- Task details: Once the line with "residency suites cotulla" is found, write it out along with each later line exactly, through the end of the entries, skipping every picture.

(Captioned web image data)
§
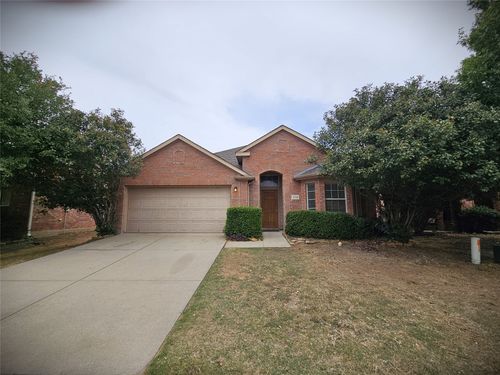 8701 King Ranch Dr, Cross Roads, TX, 76227-3899 | Card Image
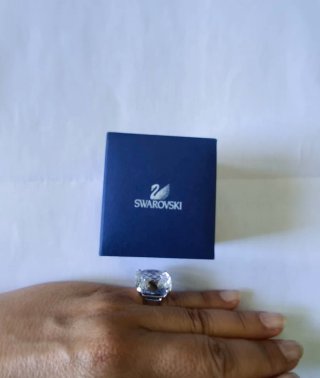 Anillo Swarovski rodio. talla 14/17mm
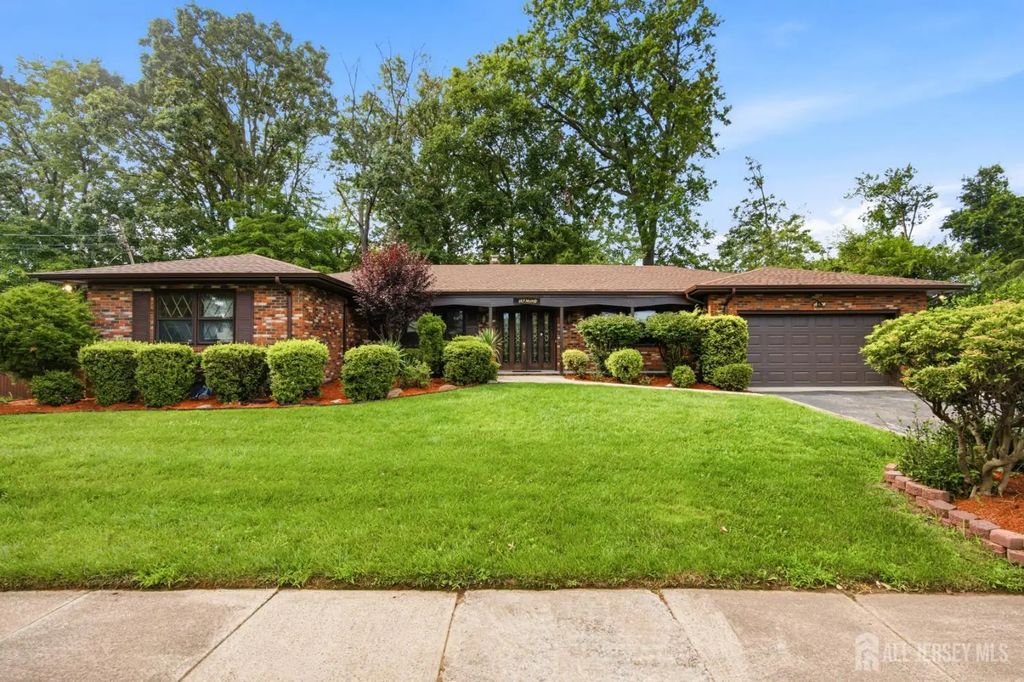 167 Mundy Avenue, Edison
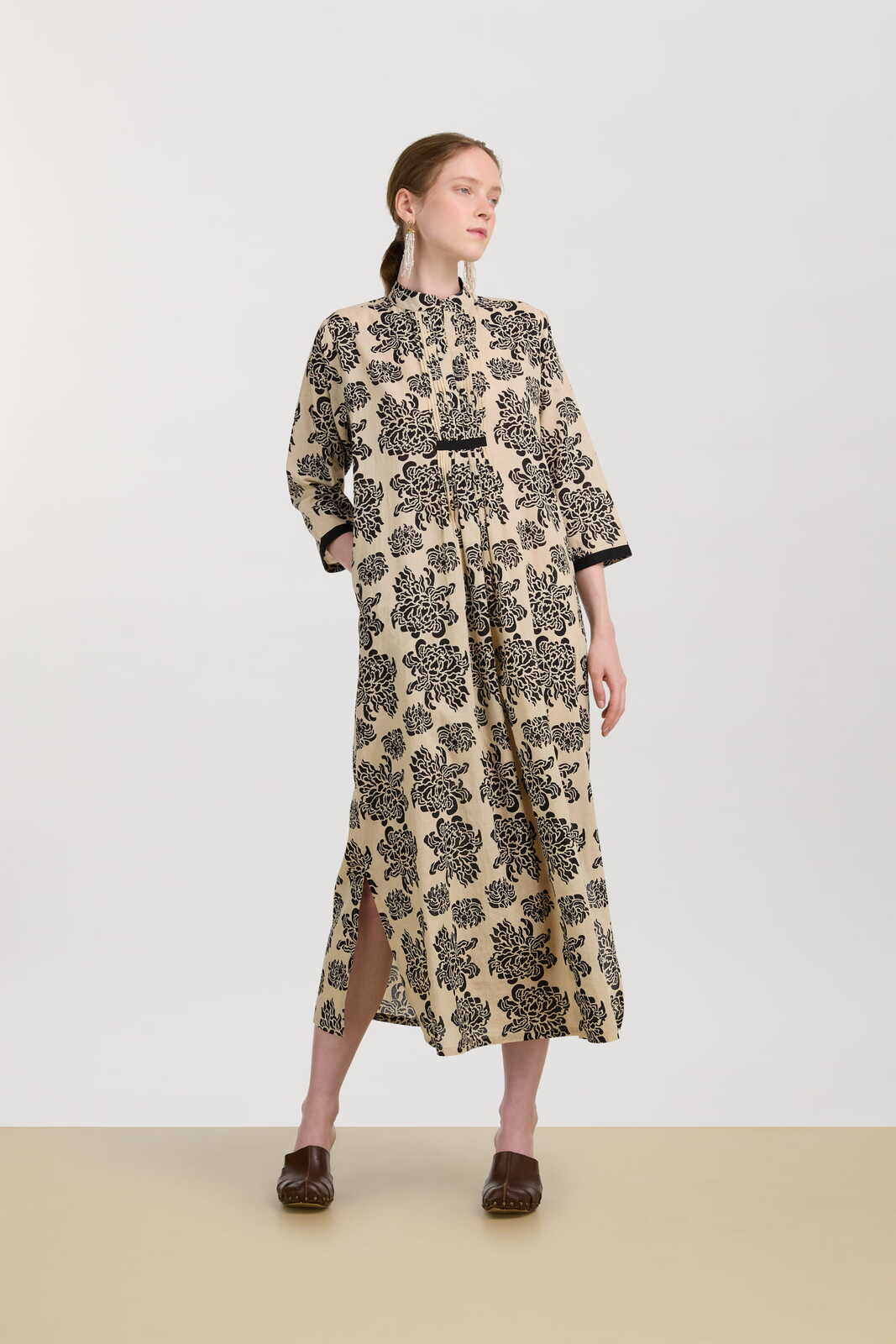 mirte kaftan--naoshima black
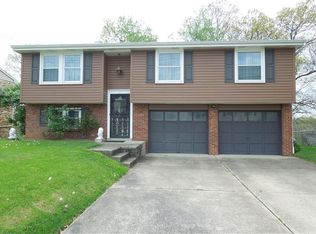 671 Regency Dr, Pittsburgh, PA 15239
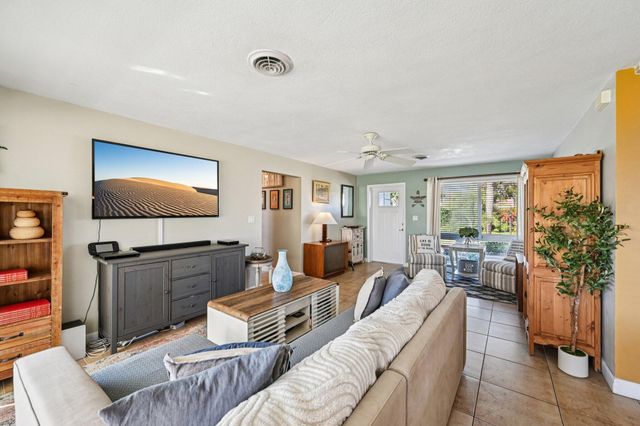 818 SE 9th Terrace, Deerfield Beach, FL 33441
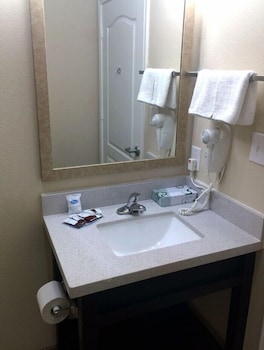 residency suites cotulla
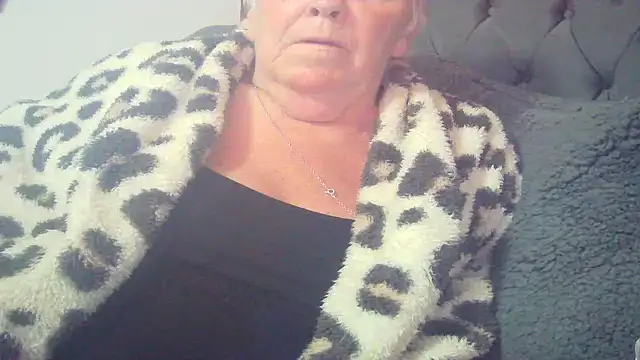 Snapshot of Playful_MILF_Demi chatting on May 8, 2026, 9:40 pm Playful MILF Demi online show from May 8, 2026, 9:40 pm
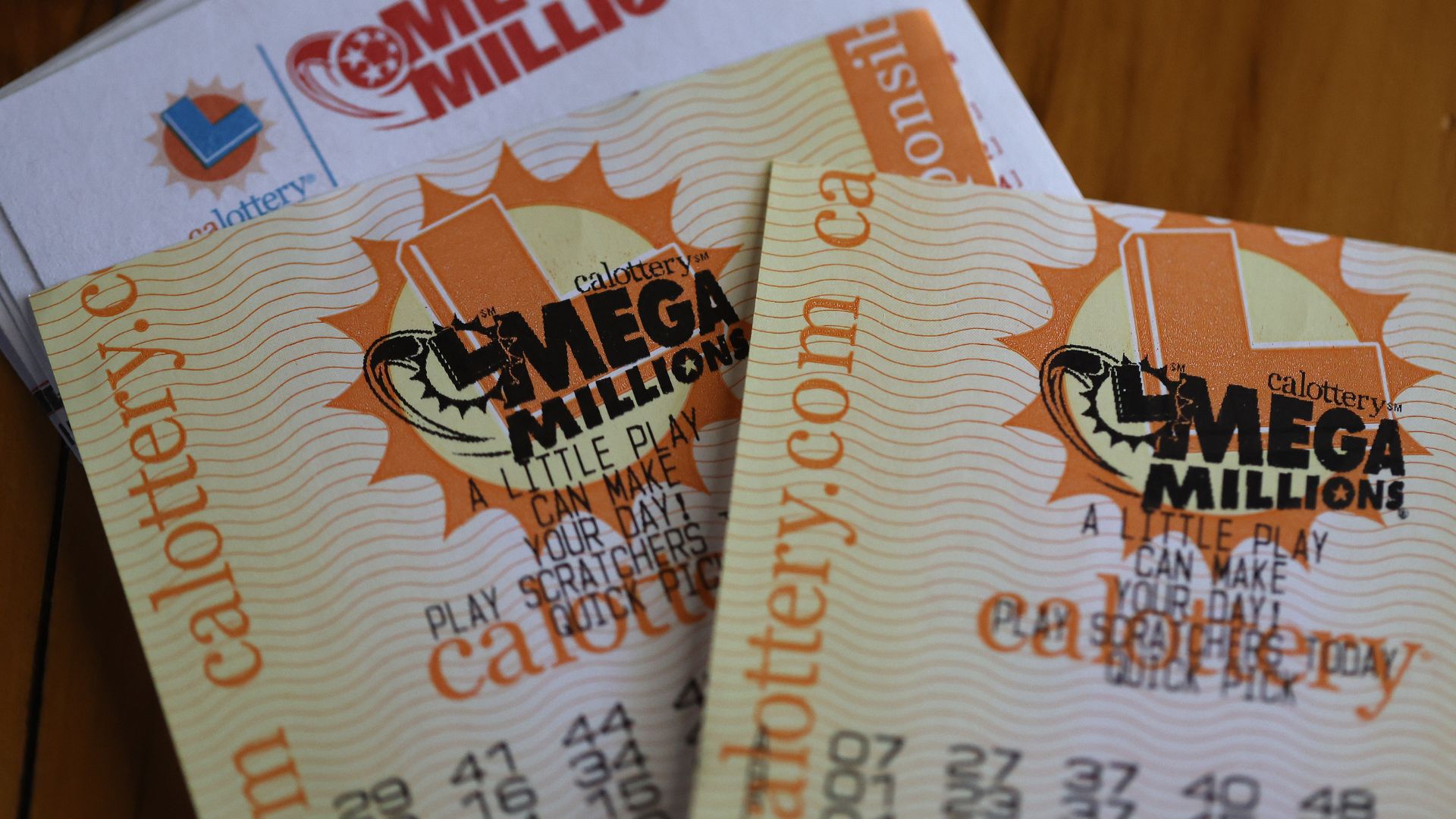 Premio mayor de Mega Millions cae en 2 boletos con números ganadores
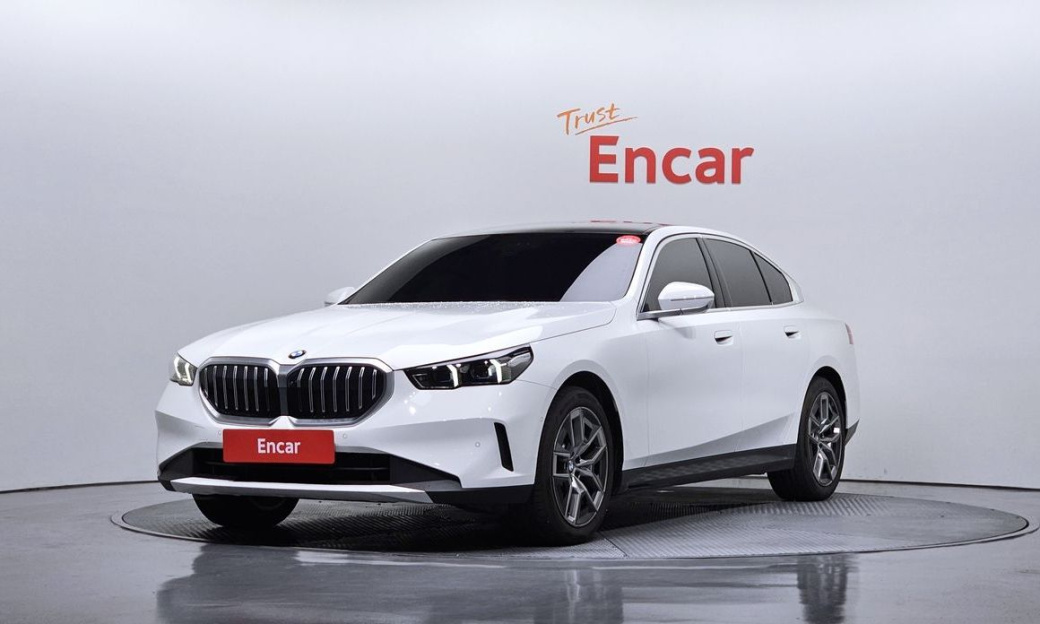 BMW 5-Series 520i, 2025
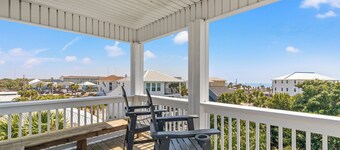 Beach House! Spacious 4BR Retreat, Steps to Beach, Gulf Views & Viewing Deck!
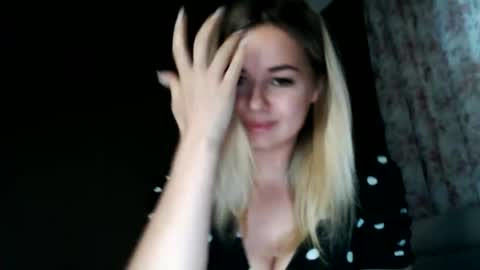 Snapshot of love_dom_meg chatting on 06-15-26, 04:20 Megane online show from 06-15-26, 04:20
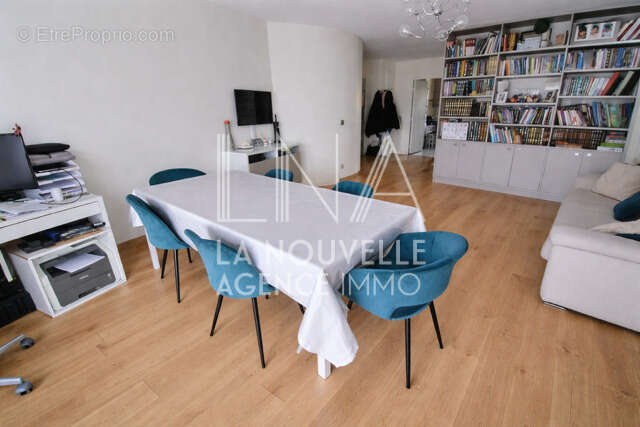 Appartement à LES LILAS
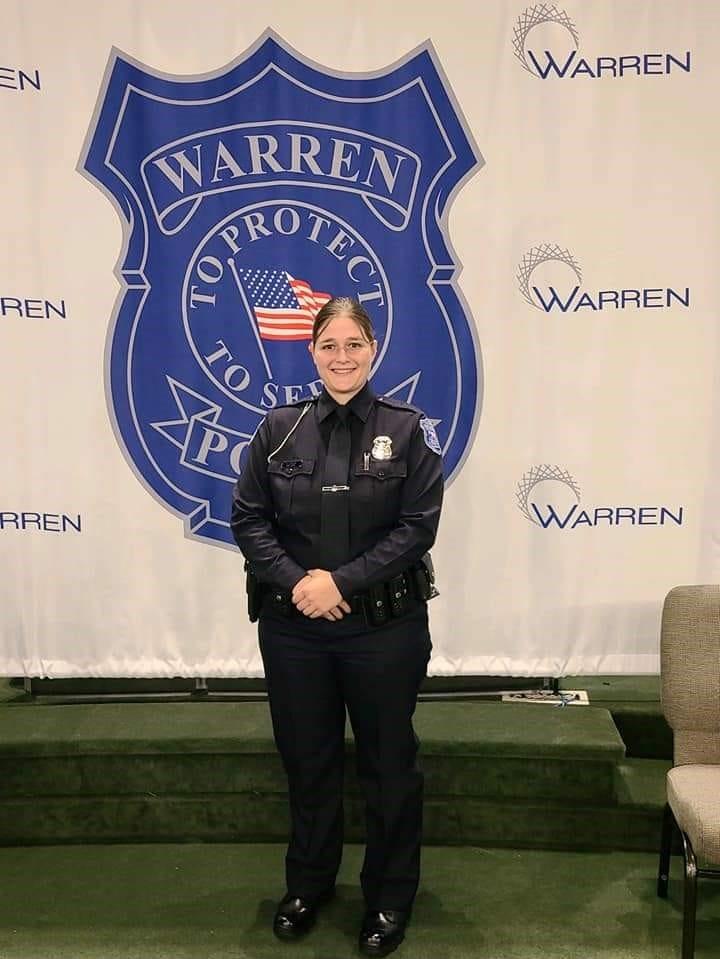 Warren police officer returns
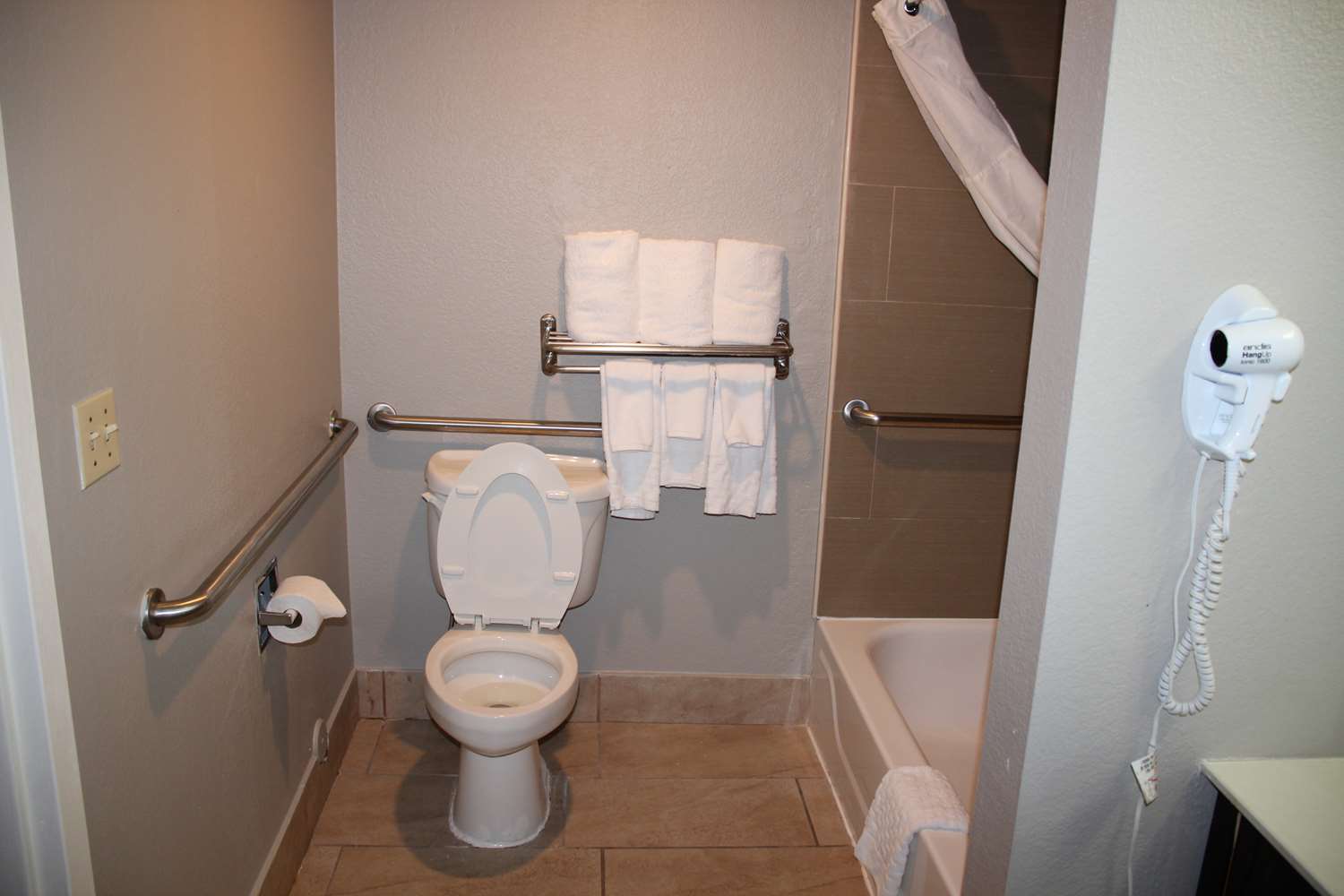 غرفة بسرير كينج بحوض استحمام لذوي الإعاقة، Boca Suites Deerfield Beach, SureStay Collection by Best Western FL 4/4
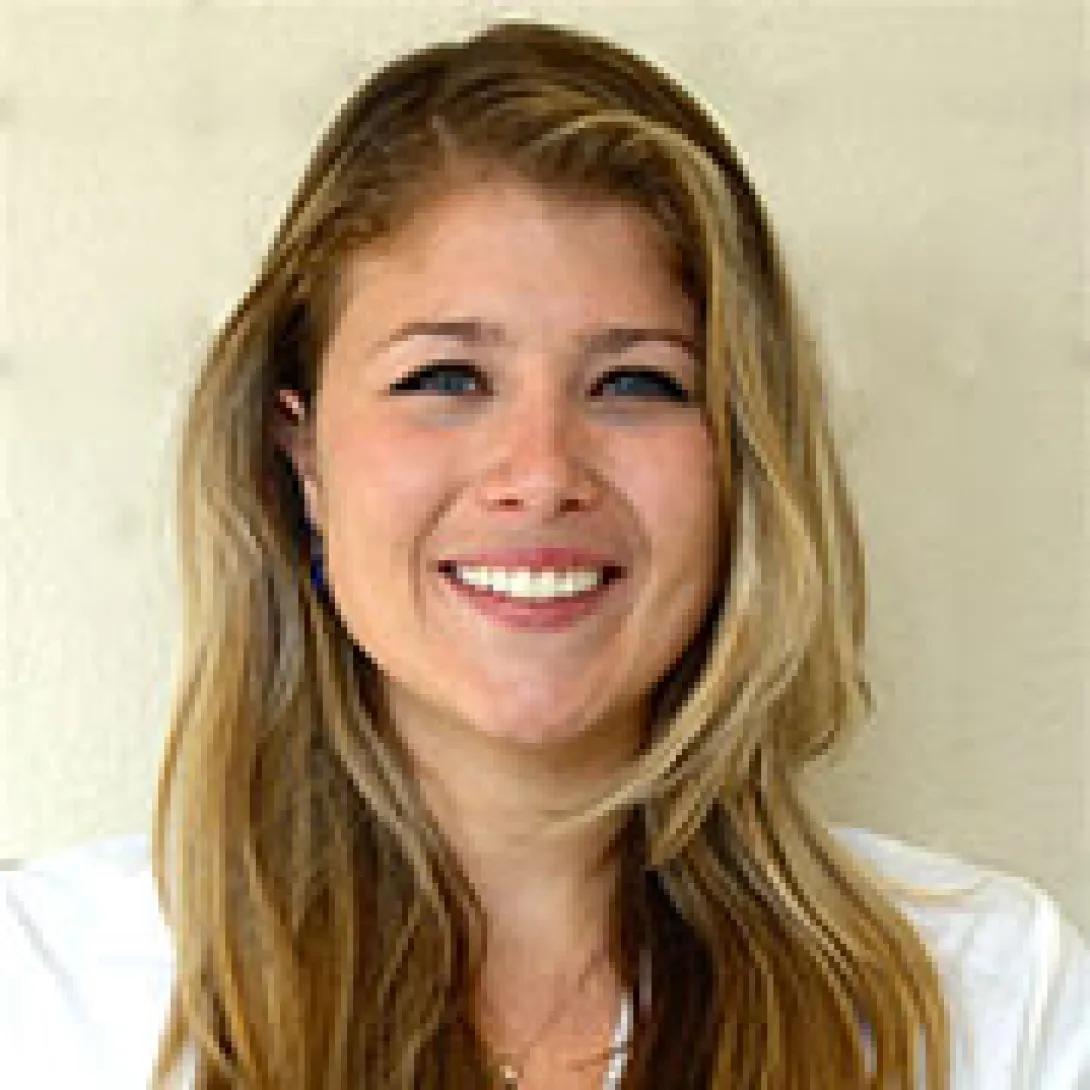 Karina Lizzi headshot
§
- Result of this task:
 residency suites cotulla
 Snapshot of Playful_MILF_Demi chatting on May 8, 2026, 9:40 pm Playful MILF Demi online show from May 8, 2026, 9:40 pm
 Premio mayor de Mega Millions cae en 2 boletos con números ganadores
 BMW 5-Series 520i, 2025
 Beach House! Spacious 4BR Retreat, Steps to Beach, Gulf Views & Viewing Deck!
 Snapshot of love_dom_meg chatting on 06-15-26, 04:20 Megane online show from 06-15-26, 04:20
 Appartement à LES LILAS
 Warren police officer returns
 غرفة بسرير كينج بحوض استحمام لذوي الإعاقة، Boca Suites Deerfield Beach, SureStay Collection by Best Western FL 4/4
 Karina Lizzi headshot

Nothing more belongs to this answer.